This is probably Hydro-Québec’s biggest springtime outage in more than a decade, Labbé said. As many as 554,000 people lost power in the aftermath of the violent storms that rammed southern Ontario and Quebec on Saturday.
One person died in Quebec during the storm and nine people died in Ontario.
The storms affected a strip of land 300 kilometres long and 100 km wide — a breadth rarely seen, Régis Tellier, vice-president of operations and maintenance at Hydro-Québec, said Monday. The storms toppled hydro poles and transmission towers, uprooted trees and ripped shingles and siding from houses. In Quebec City, part of the roof on a 72-unit condominium was carried off Saturday evening by the wind.
Ouellet says he lost power about five minutes after authorities issued a weather alert via text message to mobile phone customers.
“I was sitting at home with a couple of friends when we got the alert, and we looked at each other wondering what on Earth was going on,” he said. “From now on, I’m going to start believing these alerts.”

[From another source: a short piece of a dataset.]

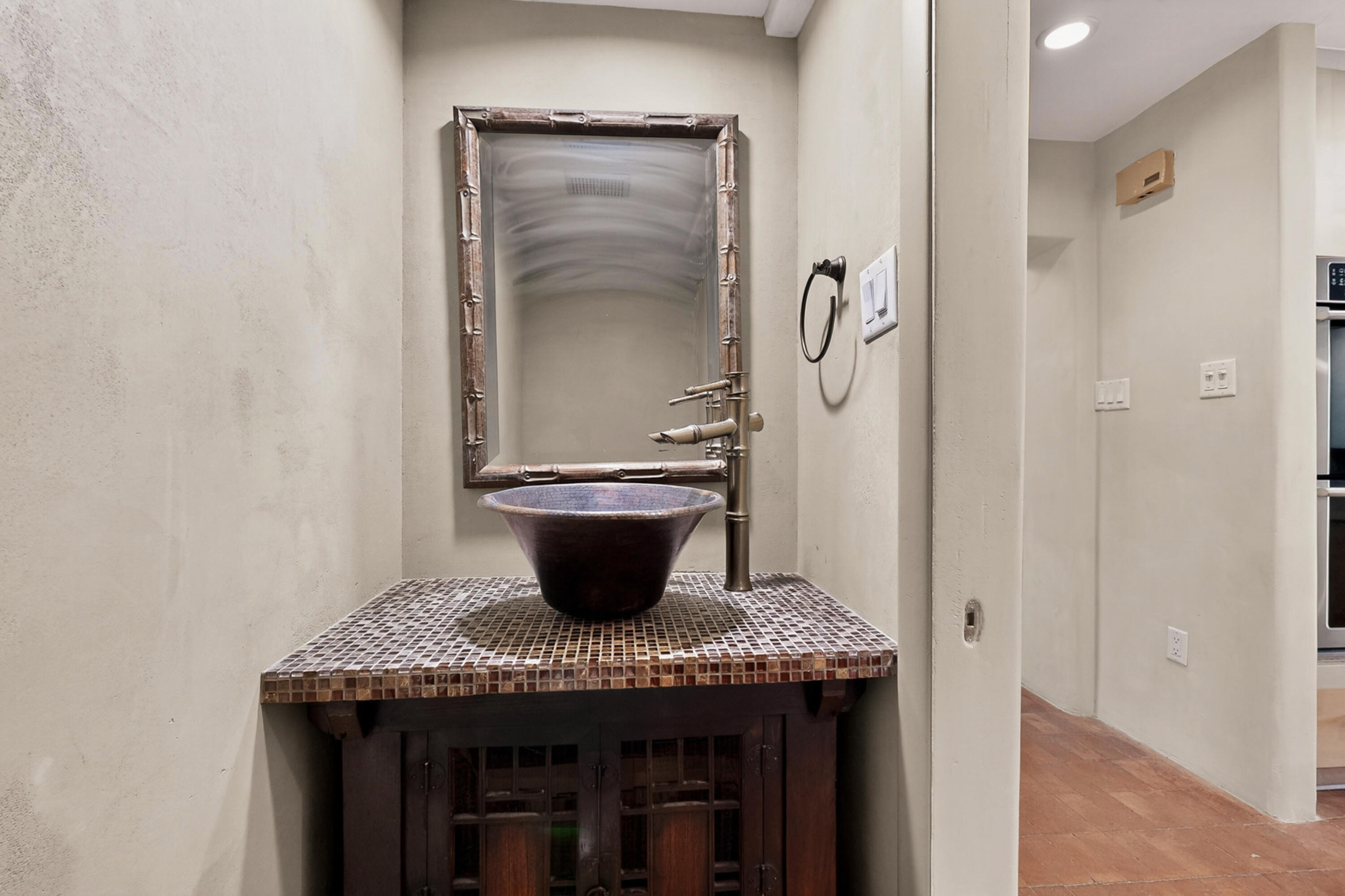 1025 GUADALUPE DEL PRADO Street NW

As of late Tuesday morning, about 1,400 weather-related outages remained. Many of them affected only a handful of customers. One third of the outages affected five customers or less each, Hydro-Québec said.
“Each outage we want to repair takes more time than what would normally be required,” Labbé said. “The storm knocked down mature trees. There’s a lot more debris than normal and the damage to our network is major. Before we can even try to end the outage, we have to cut entire trees to pieces.”
Hydro-Québec estimates it has about 1,500 employees, part of about 700 field crews, working to restore power. Private contractors have been called in to help cut down fallen trees. New Brunswick has also dispatched crews.
Back in Morin Heights, Ouellet acknowledges he had luck in his misfortune. He and his partner can rely on a barbecue to cook meals and relatives have lent them an emergency generator to power their refrigerator.
“We’re camping at home, but things could be a lot worse,” he said. “Nobody got hurt. The damage is only material.”